Consider a general birth-and-death chain and write $p_i=p_{i, i+1}$ and $q_i=p_{i, i-1}=1-p_i$. Assume that $p_i$ and $q_i$ are positive for all $i≥1$.
Let $h_i$ be the probability of reaching 0 starting from $i$, and write $u_i=h_{i-1}-h_i$.
(a) Show that $p_i h_i+q_i h_i=h_i=p_i h_{i+1}+q_i h_{i-1}$. Deduce that $u_{i+1}=\frac{q_i}{p_i} u_i$, for all $i≥1$.
(b) Define $γ_i=\frac{q_1}{p_1} \frac{q_2}{p_2}⋯\frac{q_{i-1}}{p_{i-1}}$.
Write $u_i$ in terms of $γ_i$ and $u_1$, and then $h_i$ in terms of $γ_1, …, γ_i$ and $u_1$.
(c) The equations for $h_1, h_2, …$ may have multiple solutions. Which solution gives the true hitting probabilities? Hence find the value of $u_1$. Further assuming that $p_{0,1}>0$, deduce that the chain is transient if and only if $∑_{i=1}^∞ γ_i$ is finite.
(d) Consider the case where
\[
p_i=\left(\frac{i+1}i\right)^2 q_i .
\]
Show that if $X_0=1$, then $ℙ\left(X_n≥1\text{ for all }n≥1\right)=6/π^2$.

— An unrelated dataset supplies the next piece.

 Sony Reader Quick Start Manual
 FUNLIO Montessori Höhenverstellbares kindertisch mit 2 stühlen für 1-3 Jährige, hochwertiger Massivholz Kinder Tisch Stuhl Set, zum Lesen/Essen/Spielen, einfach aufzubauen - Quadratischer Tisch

(a) $p_i+q_i=1⇒p_i h_i+q_i h_i=h_i$.
$h_i=ℙ(X_1=i+1)ℙ(\text{reach 0 start from }i+1)+ℙ(X_1=i-1)ℙ(\text{reach 0 start from }i-1)=p_i h_{i+1}+q_i h_{i-1}$
$p_i h_i+q_i h_i=h_i=p_i h_{i+1}+q_i h_{i-1}⇒p_i(h_i-h_{i+1})=q_i(h_{i-1}-h_i)⇒u_{i+1}=\frac{q_i}{p_i} u_i$
(b) From the recurrence relation $u_{i+1}=\frac{q_i}{p_i} u_i$, we have $u_i=γ_iu_1$ for $i≥1$, so $h_i=h_0-u_1-⋯-u_i=1-(γ_1+⋯+γ_i)u_1$
(c) The true hitting probabilities are the minimal nonnegative solutions. $h_n≥0⇒u_1≤1/∑_{i=1}^n γ_i⇒u_1=1/∑_{i=1}^∞ γ_i$
If $∑_{i=1}^∞ γ_i=∞$ then $u_1=0⇒h_i=1∀i⇒$recurrent
If $∑_{i=1}^∞ γ_i=C$ then $u_1=1/C⇒h_0< 1∀i⇒$transient
(d) $γ_i=\frac{q_1}{p_1} \frac{q_2}{p_2}⋯\frac{q_{i-1}}{p_{i-1}}=\frac{1^2}{2^2}\frac{2^2}{3^2}⋯\frac{(i-1)^2}{i^2}=\frac1{i^2}⇒u_1=1/∑_{i=1}^∞\frac1{i^2}=\frac6{π^2}$